Wind Energy vs Solar Energy

What the Difference Means for the Renewables Workforce

The global transition to clean energy is well underway, and two technologies are doing much of the heavy lifting: wind and solar. Both have grown dramatically over the past decade. Both are now cost-competitive with fossil fuels in most markets. And both are generating significant demand for skilled professionals.

But they are not interchangeable. Wind and solar work differently, suit different environments, and require different expertise. For energy companies planning projects and professionals building careers in renewables, understanding these differences is crucial.

At WRS, we recruit across both sectors. This guide covers how each technology works, highlights the key differences, and outlines the workforce picture in each part of the market.

 

How Wind Energy Works

Wind turbines convert the kinetic energy of moving air into electricity. As wind passes through the blades, they spin a generator that feeds power into the grid. The stronger and more consistent the wind, the more electricity a turbine can produce.

Wind projects can be categorised into two broad categories, each with its own distinct technical demands and workforce requirements.

 

Onshore Wind

Onshore wind farms are typically built on land, often in open rural areas, plains, or upland regions where wind speeds are reliable. They are generally faster to develop and less expensive to build than offshore projects, and maintenance access is more straightforward.

Onshore wind remains the largest installed base of wind capacity globally and continues to expand. The roles it requires span civil and structural engineering, turbine installation and commissioning, electrical systems, and ongoing operations and maintenance.

 

Offshore Wind

Offshore wind farms are installed at sea, where wind speeds are stronger and more consistent than on land.
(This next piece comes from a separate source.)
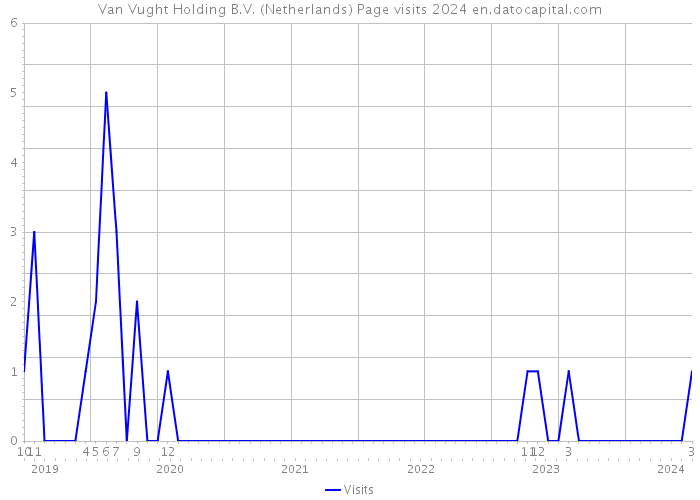 Van Vught Holding B.V. (Netherlands) Page visits 2024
That translates directly into higher energy output per turbine. A modern offshore turbine can generate significantly more electricity over its lifetime than an equivalent onshore installation.

The trade-off is complexity. Offshore wind projects involve marine vessel operations, subsea cable installation, foundation engineering, and remote maintenance in challenging conditions. They require professionals who understand both the energy and marine environments, which is precisely the skill combination WRS has been placing for years across offshore oil and gas and now increasingly in offshore renewables.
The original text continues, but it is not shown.